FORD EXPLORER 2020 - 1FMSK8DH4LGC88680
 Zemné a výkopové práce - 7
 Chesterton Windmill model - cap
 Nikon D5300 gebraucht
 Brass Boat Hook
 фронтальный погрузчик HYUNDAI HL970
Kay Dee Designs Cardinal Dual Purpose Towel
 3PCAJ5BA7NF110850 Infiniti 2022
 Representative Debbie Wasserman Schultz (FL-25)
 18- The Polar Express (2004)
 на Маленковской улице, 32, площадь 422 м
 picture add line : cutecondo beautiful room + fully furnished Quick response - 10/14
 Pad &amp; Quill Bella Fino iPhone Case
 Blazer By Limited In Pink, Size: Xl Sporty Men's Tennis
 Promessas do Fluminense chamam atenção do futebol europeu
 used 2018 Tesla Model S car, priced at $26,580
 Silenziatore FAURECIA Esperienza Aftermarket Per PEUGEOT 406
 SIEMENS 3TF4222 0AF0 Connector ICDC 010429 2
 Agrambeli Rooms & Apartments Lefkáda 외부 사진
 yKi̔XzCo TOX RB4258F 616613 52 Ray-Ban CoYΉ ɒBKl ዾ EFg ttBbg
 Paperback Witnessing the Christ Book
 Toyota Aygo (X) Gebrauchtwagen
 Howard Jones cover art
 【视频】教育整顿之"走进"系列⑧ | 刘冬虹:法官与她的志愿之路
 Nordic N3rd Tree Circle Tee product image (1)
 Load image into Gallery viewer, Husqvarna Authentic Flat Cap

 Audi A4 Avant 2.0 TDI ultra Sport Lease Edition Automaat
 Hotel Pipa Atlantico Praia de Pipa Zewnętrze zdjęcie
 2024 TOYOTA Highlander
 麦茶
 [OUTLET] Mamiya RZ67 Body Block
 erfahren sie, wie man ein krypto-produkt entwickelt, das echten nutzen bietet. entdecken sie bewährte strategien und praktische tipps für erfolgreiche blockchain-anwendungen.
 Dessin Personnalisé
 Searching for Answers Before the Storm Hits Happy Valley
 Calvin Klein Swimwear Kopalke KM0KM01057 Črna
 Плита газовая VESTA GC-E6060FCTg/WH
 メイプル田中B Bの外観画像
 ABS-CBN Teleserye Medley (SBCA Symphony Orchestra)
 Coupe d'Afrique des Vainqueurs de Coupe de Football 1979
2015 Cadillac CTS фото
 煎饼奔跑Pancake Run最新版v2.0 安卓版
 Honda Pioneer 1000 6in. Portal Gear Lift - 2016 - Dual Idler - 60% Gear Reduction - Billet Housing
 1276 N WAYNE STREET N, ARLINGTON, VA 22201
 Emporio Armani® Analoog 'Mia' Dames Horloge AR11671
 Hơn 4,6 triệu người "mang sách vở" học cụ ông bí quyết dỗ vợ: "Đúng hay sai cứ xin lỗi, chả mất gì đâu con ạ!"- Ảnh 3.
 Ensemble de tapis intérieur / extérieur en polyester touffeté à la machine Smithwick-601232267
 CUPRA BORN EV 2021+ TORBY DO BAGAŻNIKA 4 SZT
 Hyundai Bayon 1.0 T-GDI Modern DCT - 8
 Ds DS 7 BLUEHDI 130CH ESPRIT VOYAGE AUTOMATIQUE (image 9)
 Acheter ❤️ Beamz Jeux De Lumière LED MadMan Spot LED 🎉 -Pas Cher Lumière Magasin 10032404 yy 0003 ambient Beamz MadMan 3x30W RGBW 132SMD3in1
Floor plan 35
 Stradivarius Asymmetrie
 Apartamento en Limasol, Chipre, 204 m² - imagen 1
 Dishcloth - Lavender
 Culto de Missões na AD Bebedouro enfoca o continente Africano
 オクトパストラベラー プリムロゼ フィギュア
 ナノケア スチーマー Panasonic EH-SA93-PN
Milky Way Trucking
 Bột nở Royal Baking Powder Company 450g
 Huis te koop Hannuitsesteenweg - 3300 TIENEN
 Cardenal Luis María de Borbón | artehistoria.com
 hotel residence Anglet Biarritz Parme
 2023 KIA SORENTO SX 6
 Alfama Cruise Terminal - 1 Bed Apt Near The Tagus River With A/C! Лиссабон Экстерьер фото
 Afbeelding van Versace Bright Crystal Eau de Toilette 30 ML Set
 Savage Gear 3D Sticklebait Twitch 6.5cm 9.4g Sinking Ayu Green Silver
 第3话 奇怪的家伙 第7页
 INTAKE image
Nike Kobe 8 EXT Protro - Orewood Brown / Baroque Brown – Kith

Directions
Everything from the first line of the records above to the line containing "Honda Pioneer 1000", inclusive, should be repeated exactly; leave out the rest.

Response to the exercise
FORD EXPLORER 2020 - 1FMSK8DH4LGC88680
 Zemné a výkopové práce - 7
 Chesterton Windmill model - cap
 Nikon D5300 gebraucht
 Brass Boat Hook
 фронтальный погрузчик HYUNDAI HL970
Kay Dee Designs Cardinal Dual Purpose Towel
 3PCAJ5BA7NF110850 Infiniti 2022
 Representative Debbie Wasserman Schultz (FL-25)
 18- The Polar Express (2004)
 на Маленковской улице, 32, площадь 422 м
 picture add line : cutecondo beautiful room + fully furnished Quick response - 10/14
 Pad &amp; Quill Bella Fino iPhone Case
 Blazer By Limited In Pink, Size: Xl Sporty Men's Tennis
 Promessas do Fluminense chamam atenção do futebol europeu
 used 2018 Tesla Model S car, priced at $26,580
 Silenziatore FAURECIA Esperienza Aftermarket Per PEUGEOT 406
 SIEMENS 3TF4222 0AF0 Connector ICDC 010429 2
 Agrambeli Rooms & Apartments Lefkáda 외부 사진
 yKi̔XzCo TOX RB4258F 616613 52 Ray-Ban CoYΉ ɒBKl ዾ EFg ttBbg
 Paperback Witnessing the Christ Book
 Toyota Aygo (X) Gebrauchtwagen
 Howard Jones cover art
 【视频】教育整顿之"走进"系列⑧ | 刘冬虹:法官与她的志愿之路
 Nordic N3rd Tree Circle Tee product image (1)
 Load image into Gallery viewer, Husqvarna Authentic Flat Cap

 Audi A4 Avant 2.0 TDI ultra Sport Lease Edition Automaat
 Hotel Pipa Atlantico Praia de Pipa Zewnętrze zdjęcie
 2024 TOYOTA Highlander
 麦茶
 [OUTLET] Mamiya RZ67 Body Block
 erfahren sie, wie man ein krypto-produkt entwickelt, das echten nutzen bietet. entdecken sie bewährte strategien und praktische tipps für erfolgreiche blockchain-anwendungen.
 Dessin Personnalisé
 Searching for Answers Before the Storm Hits Happy Valley
 Calvin Klein Swimwear Kopalke KM0KM01057 Črna
 Плита газовая VESTA GC-E6060FCTg/WH
 メイプル田中B Bの外観画像
 ABS-CBN Teleserye Medley (SBCA Symphony Orchestra)
 Coupe d'Afrique des Vainqueurs de Coupe de Football 1979
2015 Cadillac CTS фото
 煎饼奔跑Pancake Run最新版v2.0 安卓版
 Honda Pioneer 1000 6in. Portal Gear Lift - 2016 - Dual Idler - 60% Gear Reduction - Billet Housing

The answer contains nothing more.